:: WHAT THIS TASK INVOLVES ::
Using the listing below, please print exactly the lines from the one with "Smashing Ground [SDGR-EN025]" through the one with "PREDIRE PARIS AGE". Leave out every picture.
(Beginning of DATA EXCERPTS)
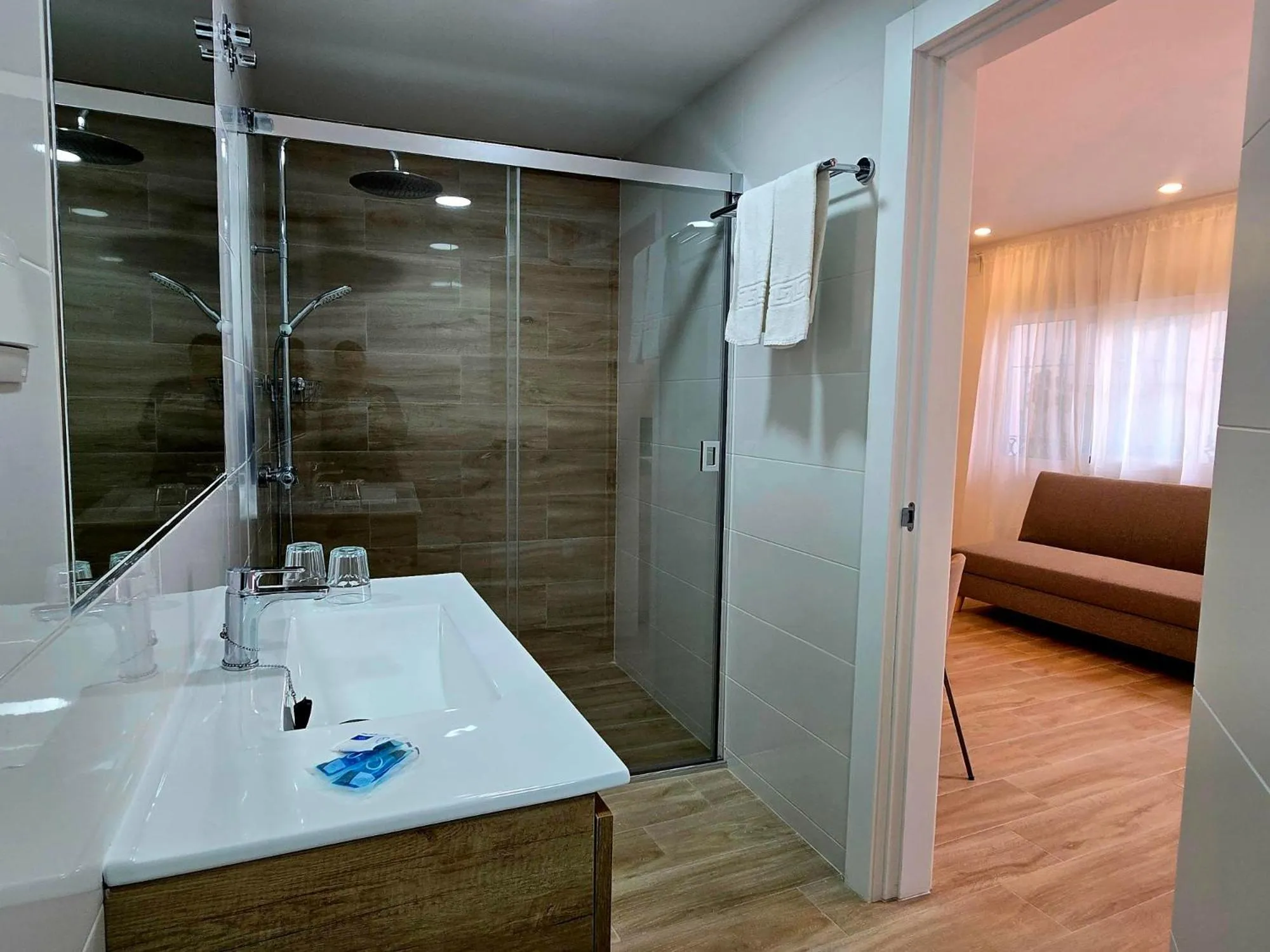 Bathroom in El Nogal Home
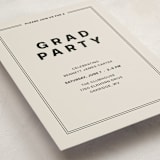 "Highlight Reel" - Graduation Insert Cards in Shadow by taylorVdesign - Detail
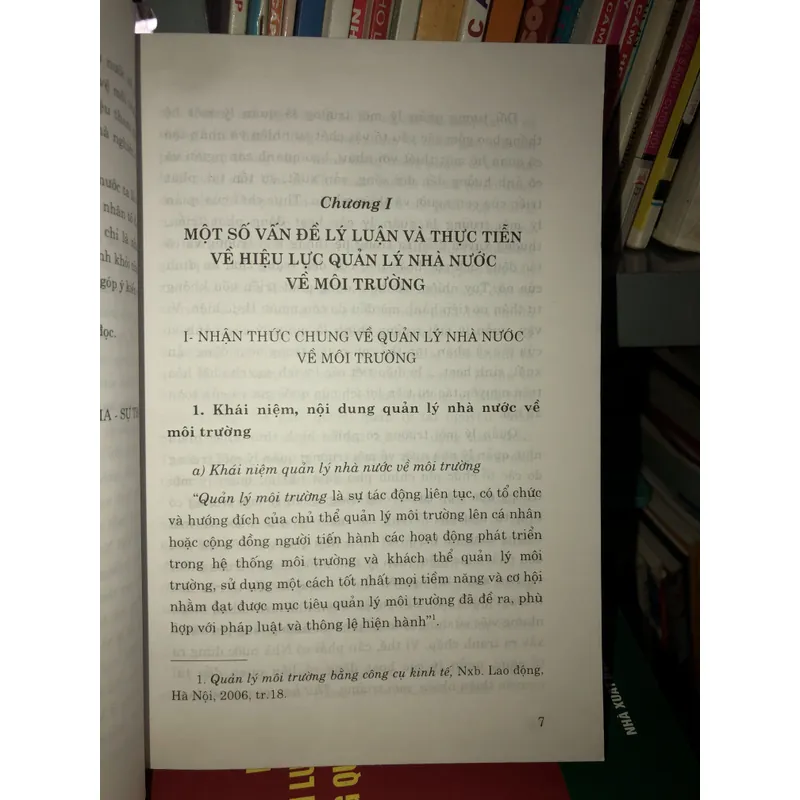 Nâng cao hiệu lực quản lý Nhà nước về môi trường 703371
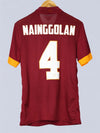 <tc>AS Roma</tc> Maillot domicile 2014/15 Modèle joueur Nainggolan #4 (M)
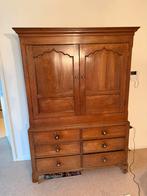 Antiek kast, Antiek en Kunst, Antiek | Meubels | Kasten, Ophalen of Verzenden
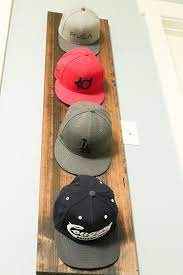 Hat Rack Ideas This Will Give You A Inpiration For Your Space Check Here Tags Diy Hat Rack Ideas For Men Baseball Diy Hat Rack Diy Hat Display Hat Hanger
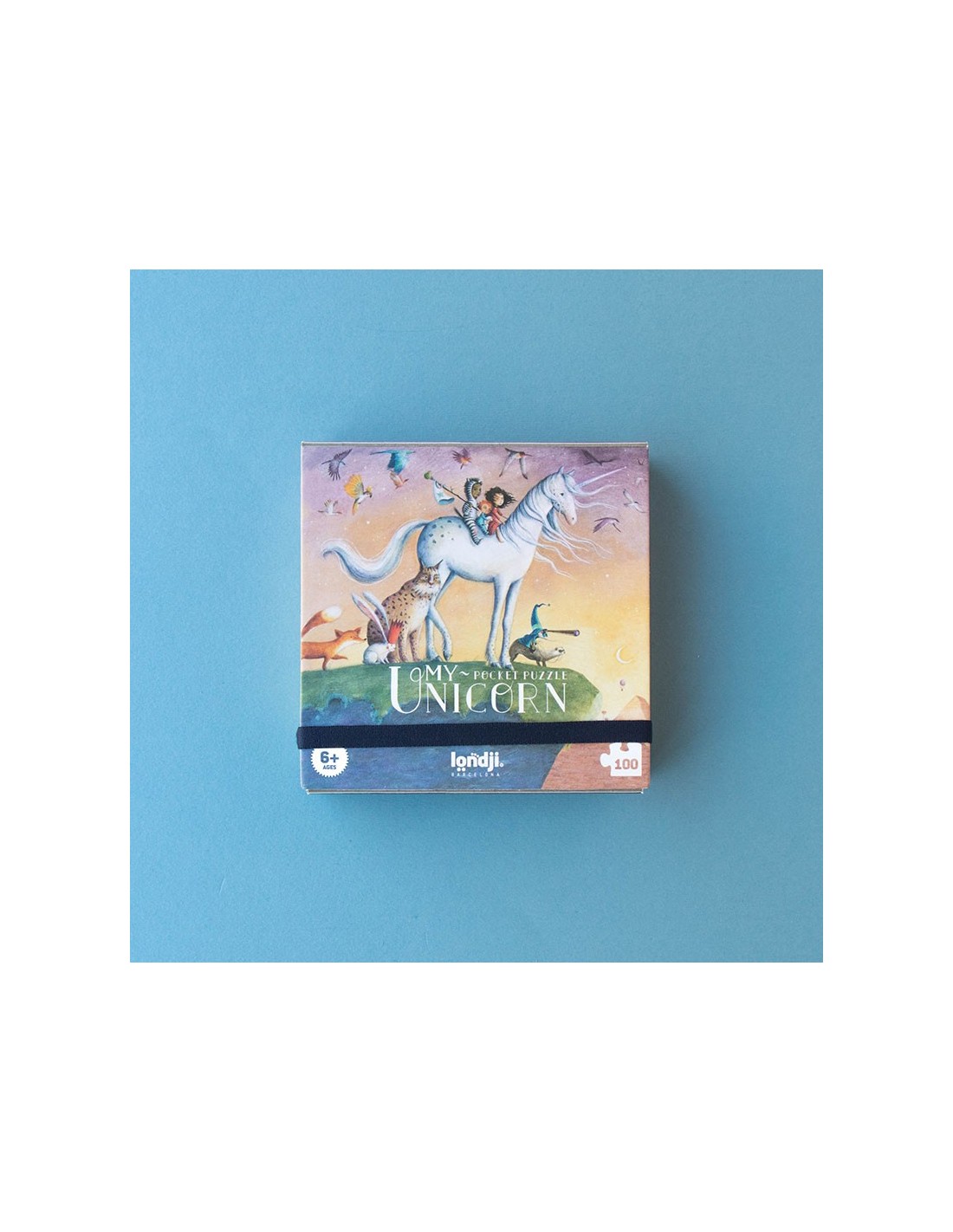 Pocket Puzle My Unicorn 100 Piezas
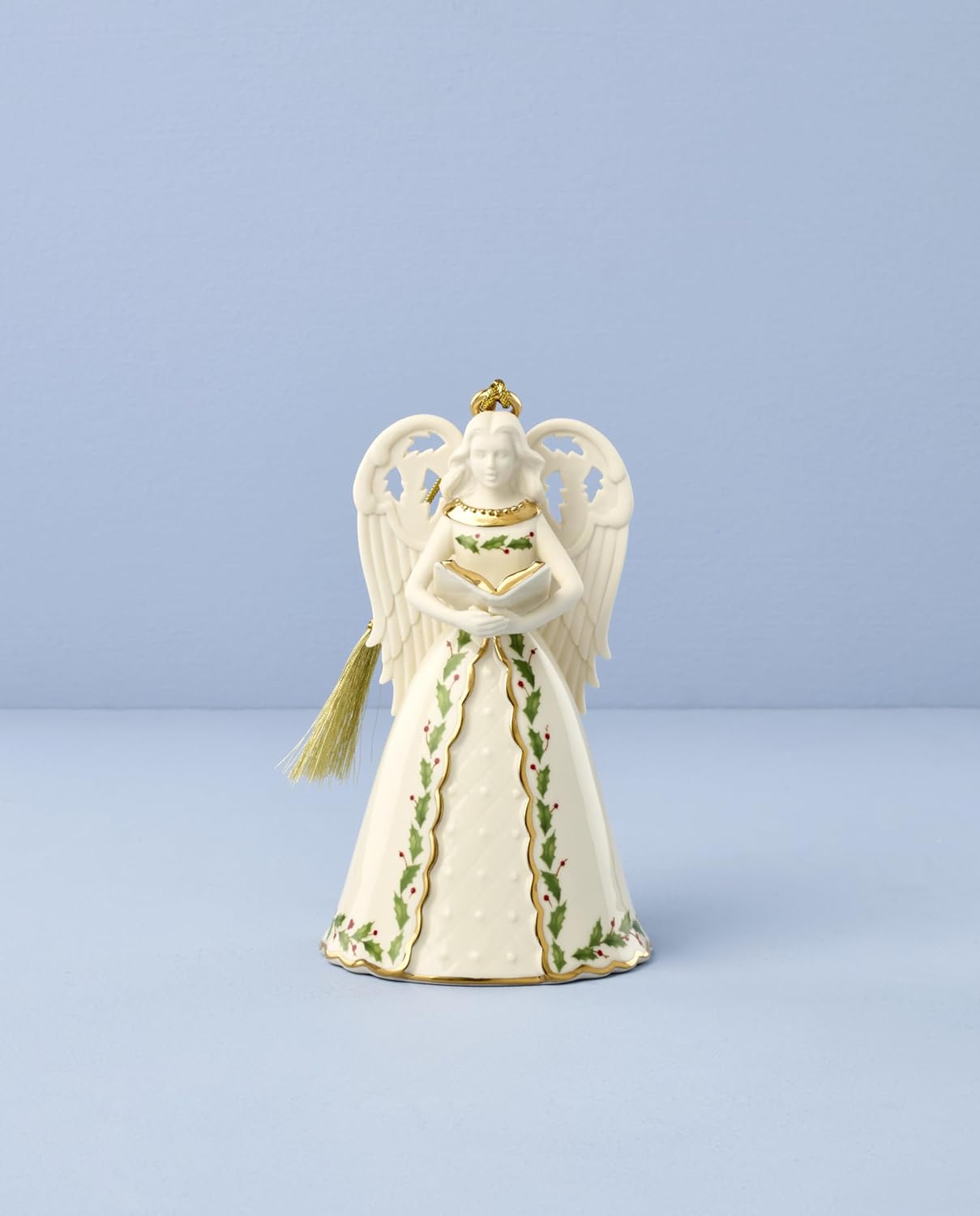 Lenox - Ornament - Holiday Angel Bell With Hymns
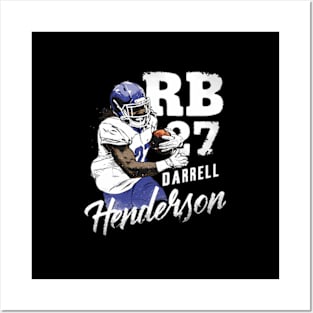 Darrell Henderson Los Angeles R Team Posters and Art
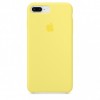 Чехол Silicone Case (AA) для Apple iPhone 7 plus / 8 plus (5.5'') Жовтий (1203)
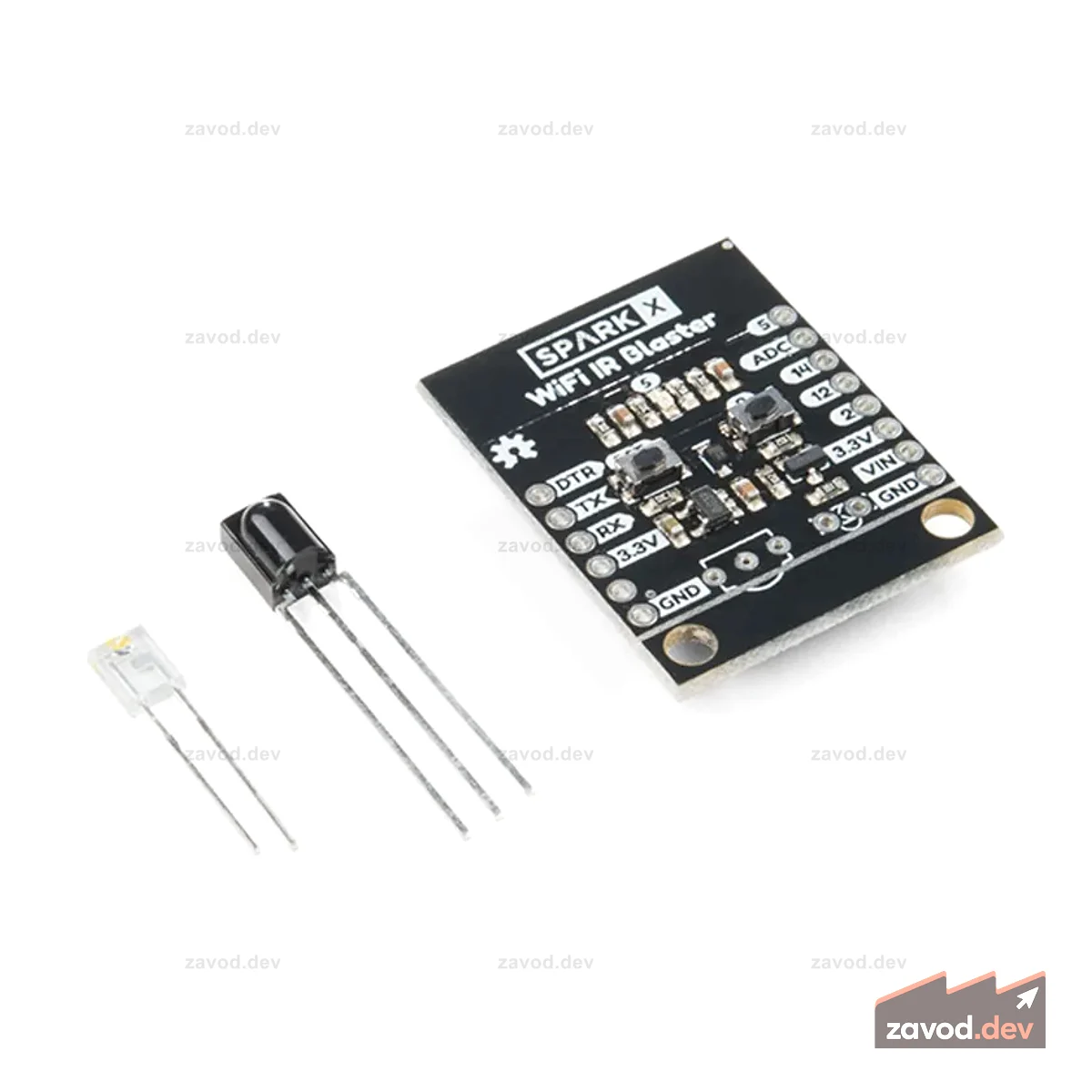 ИК-бластер Wi-Fi — ESP8266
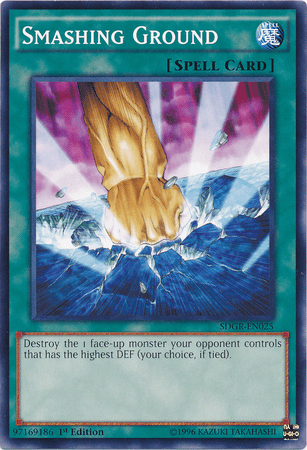 Smashing Ground [SDGR-EN025] Common - Josh's Cards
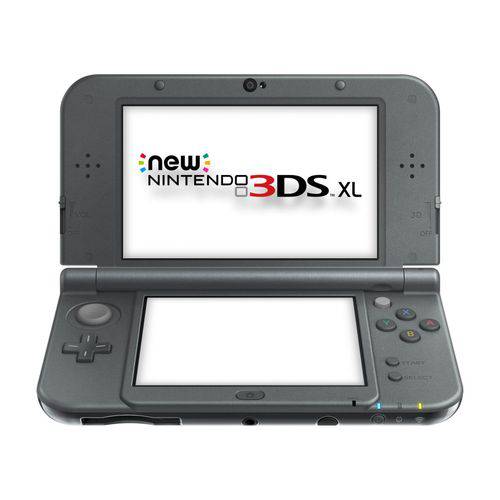 Nintendo New 3DS XL Black (Preto)
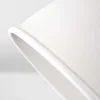 Plafonnier Banjul Bois Clair, Blanc, 3 Lumieres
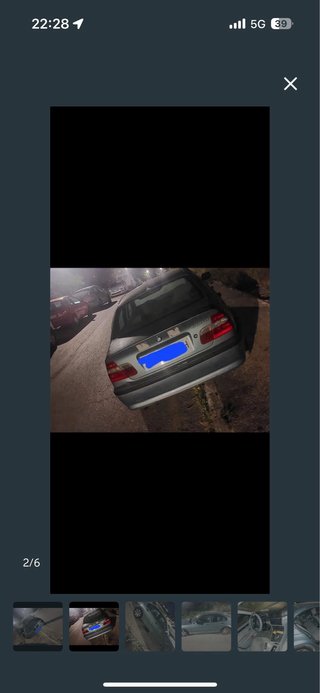BMW 320 2003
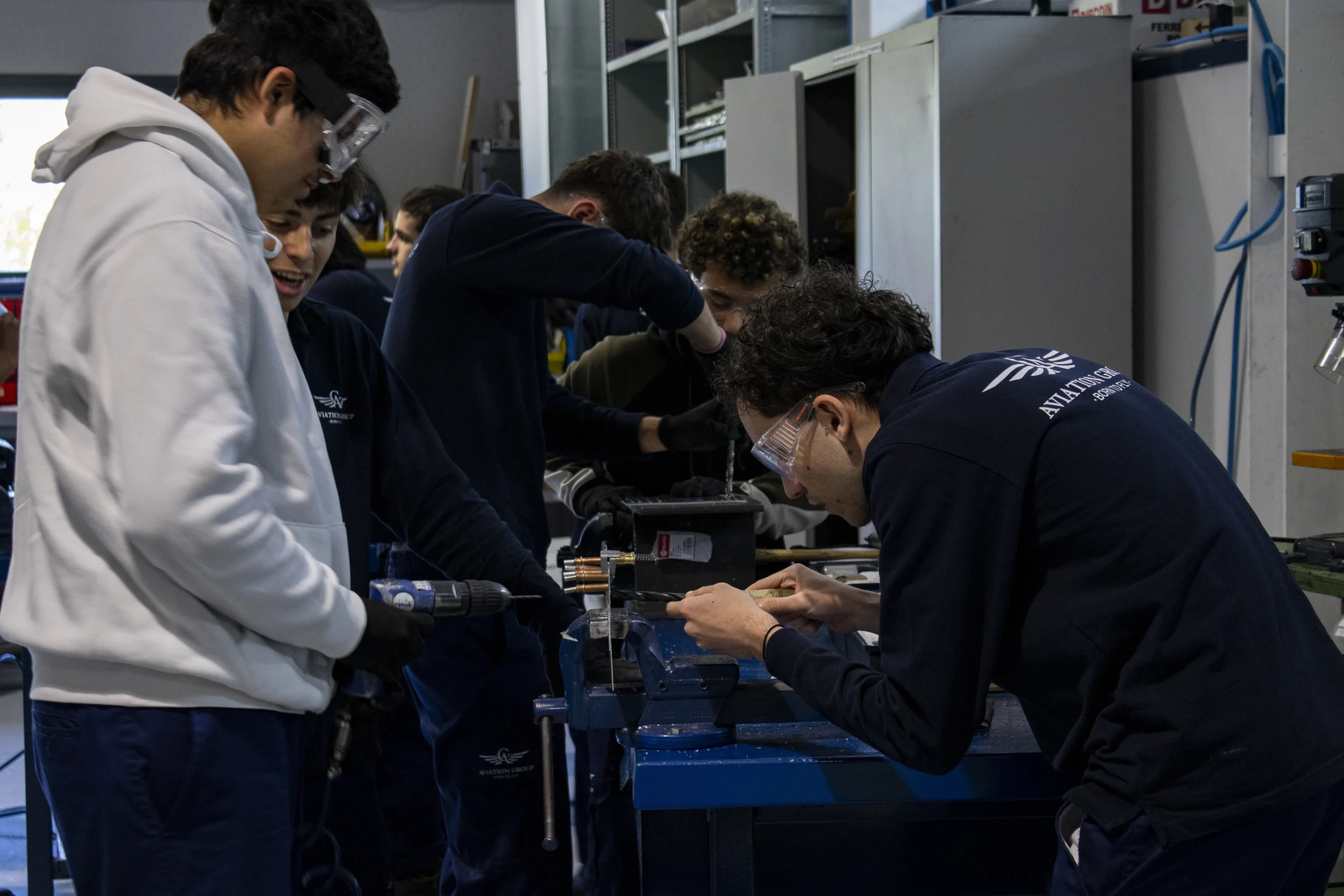 aviation group practicas URJC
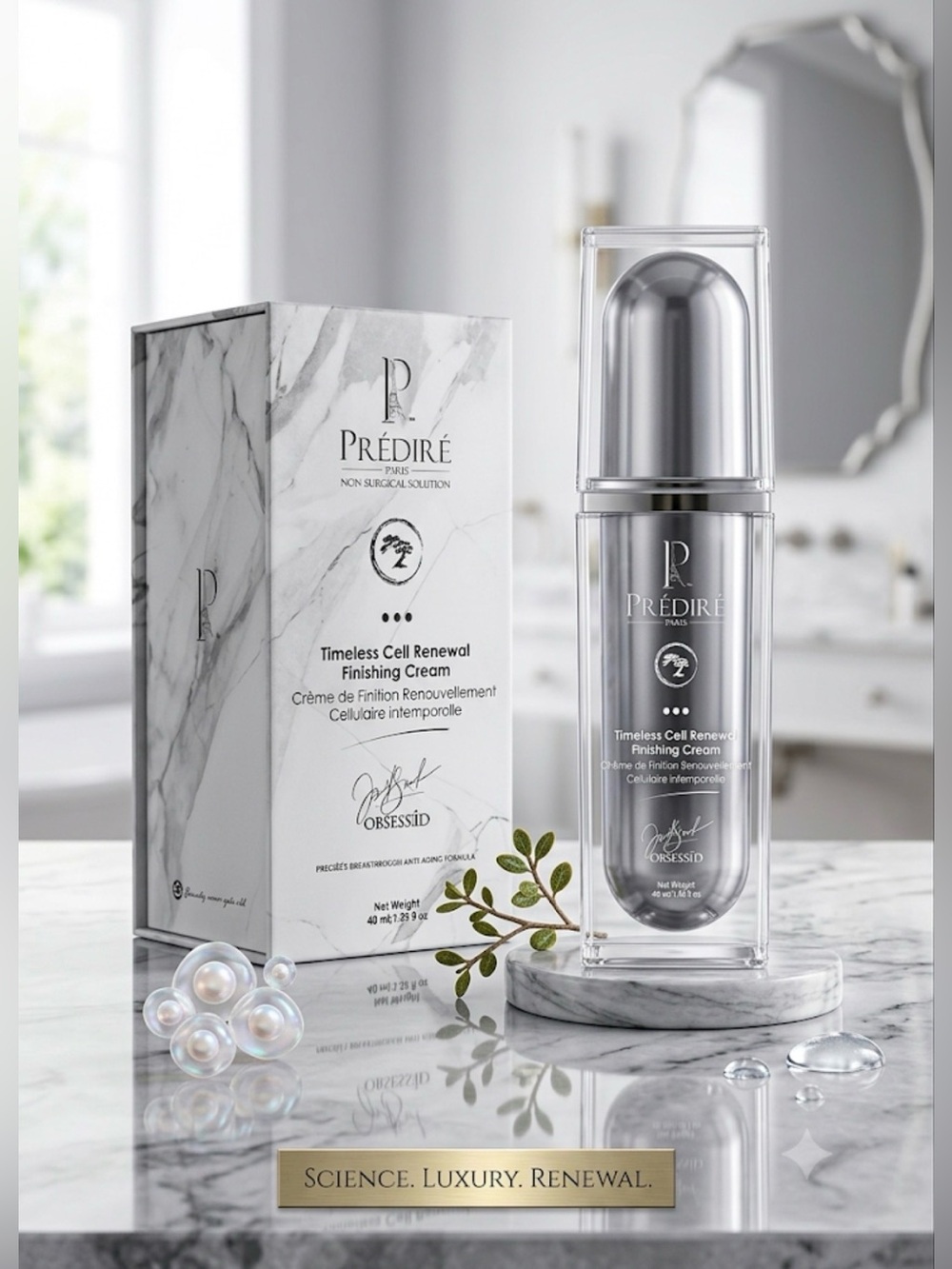 PREDIRE PARIS AGE DEFYING CELL RENEWAL FINISHING CREAM MSRP $950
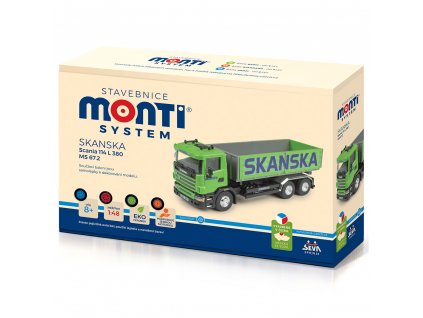 MONTI SYSTEM 67.2 - SKANSKA (reklamní)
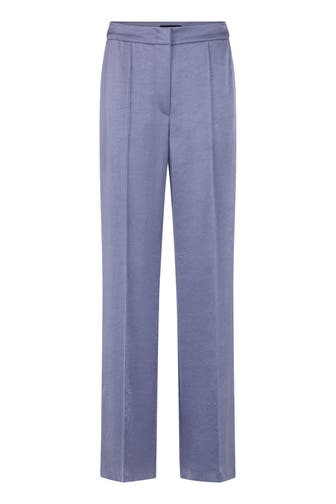 MARC CAIN Business-Hose WUKARI bluish violet Girlfriend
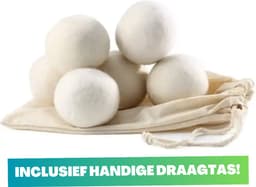 BathQueen XXL drogerballen - Wasdrogerballen - Wasballen - Beige - 6 stuks — thumbnail 3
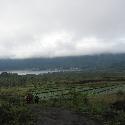 Scenery at the bottom of Mount Batur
(End of DATA EXCERPTS)
:: RESULT ::
 Smashing Ground [SDGR-EN025] Common - Josh's Cards
 Nintendo New 3DS XL Black (Preto)
 Plafonnier Banjul Bois Clair, Blanc, 3 Lumieres
BMW 320 2003
 aviation group practicas URJC
 PREDIRE PARIS AGE DEFYING CELL RENEWAL FINISHING CREAM MSRP $950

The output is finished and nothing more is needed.